Everything started from his love for the donkeys on the farm owned by his maternal grandfather, Vito, a well-known breeder from Gioia del Colle. Following in his footsteps, today Santoiemma still raises a few donkeys. Thanks to this he managed to buy the first piece in his collection: a mill- stone for grinding feed for the donkeys. From his paternal grandfather, Stefano, who had a timber and iron industry, he inherited the building that houses the museum, some of the old machines and the art of getting things done. The museum is purely the result of his enthusiasm.

After graduating in Veterinary Science he began to collect the family tools, and over a thirty-year period, Stefano’s grandfather’s building filled up not only with tools from old vanished crafts but also with valuable pieces related to the film industry, typography, motors and even hearses, with horse-drawn funeral carriages.

The museum is divided into various sections. There are tools connected to farming activities: wooden and iron plows, seeders, reapers, forks and pitchforks, balers, shovels, ladders, stone troughs, traps, egg incubators, equipment for animal husbandry. And also tools related to many different trades: saddler, blacksmith, mason, stone cutter, shipwright, wheelwright, carpenter, iron monger, turner, knife-grinder, potter, pottery-repairer, boiler-maker, cobbler, hatter, chimneysweep, cooper, candle-maker, butcher, typographer, book-binder and restorer, watchmaker, auctioneer, milkman, decorator, tailor, carder, mattress-maker, weaver, bike-hirer, lace-maker. Then there are the utensils for use in the home: trowels, bean-crusher, coal clothes-dryer, buckets, basins with stands, scales, toasters, heaters. Then the enormous display of equipment for wine-making and distilling, for producing oil, for cheese-making and milling and for baking bread (hand grinders, pestles, mills, sieves, polishers, cereal graders).
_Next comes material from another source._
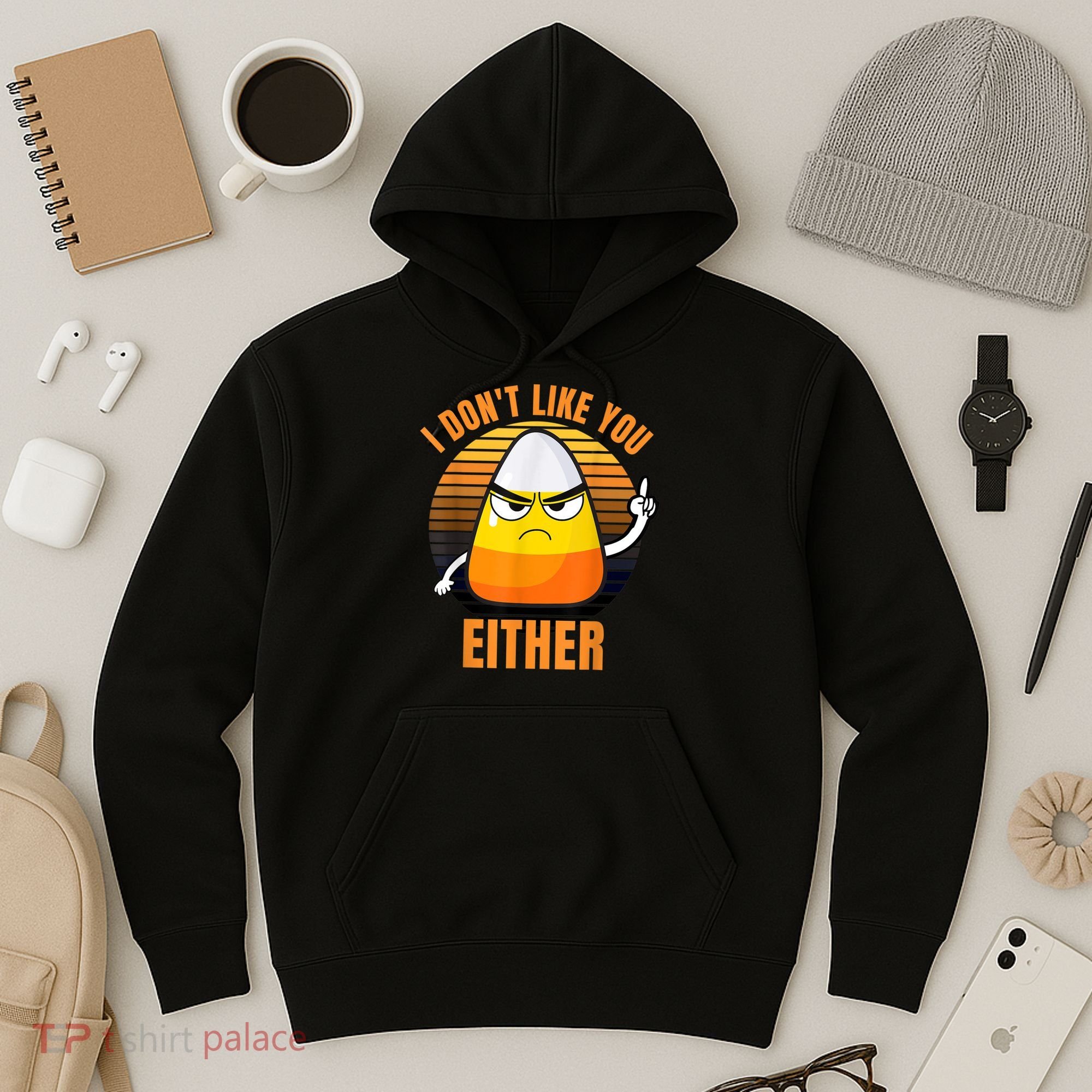I Don't Like You Either Funny Candy Corn Halloween Hoodie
Of special interest is the reconstruction of a water-wheel, an ancient hydraulic instrument for getting water from a well, presented with a papier-maché mule to remind us of the work done by the animal to get the machine going.

Several old mills have also been purchased, and then restored thanks to technicians specialized in the repair and maintenance of the various parts comprising the machinery. The work of such technicians is also dying out and their interventions will be used to educate students and visitors to the museum.
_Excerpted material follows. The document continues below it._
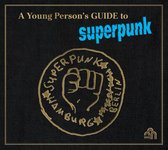 Superpunk - A Young Persons's Guide To Superpunk (CD)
The collections also contains some buggies, carts and two funeral wagons: one for children and the other for adults; equipment for wind-powered lighting, ice-boxes and ice-cream machines, an ice-cream vendor’s barrow, photography gear and even a first-aid box and writing desk from the Great War. There is also some clothing typical of farming life, furnishing accessories and objects used in the past.
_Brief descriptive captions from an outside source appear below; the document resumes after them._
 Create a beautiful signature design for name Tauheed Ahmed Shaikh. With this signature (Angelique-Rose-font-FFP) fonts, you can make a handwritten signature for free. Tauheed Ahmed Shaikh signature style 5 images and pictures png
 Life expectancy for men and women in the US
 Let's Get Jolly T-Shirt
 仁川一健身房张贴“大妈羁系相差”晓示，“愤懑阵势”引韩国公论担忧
All the objects and implements on display in the museum have been restored and are in working order.

Santoiemma reports that he is about to set up a Foundation, which he says is necessary to give the museum a future and he underlines that he would be willing to donate it in order to achieve the plan of a late townsman, professor Mimmo Castellano (a leading exponent in the world of Visual Design, a graphic artist and museum curator) who hoped to establish a “Citadel of Culture”, an itinerant-dynamic-interactive Museum, with a School of Arts and Crafts attached.

I wouldn’t mind a twinning and initiatives of cultural exchange with a museum in the United States”, says Santoiemma. “Anything to make this museum more and more the heritage of the people”.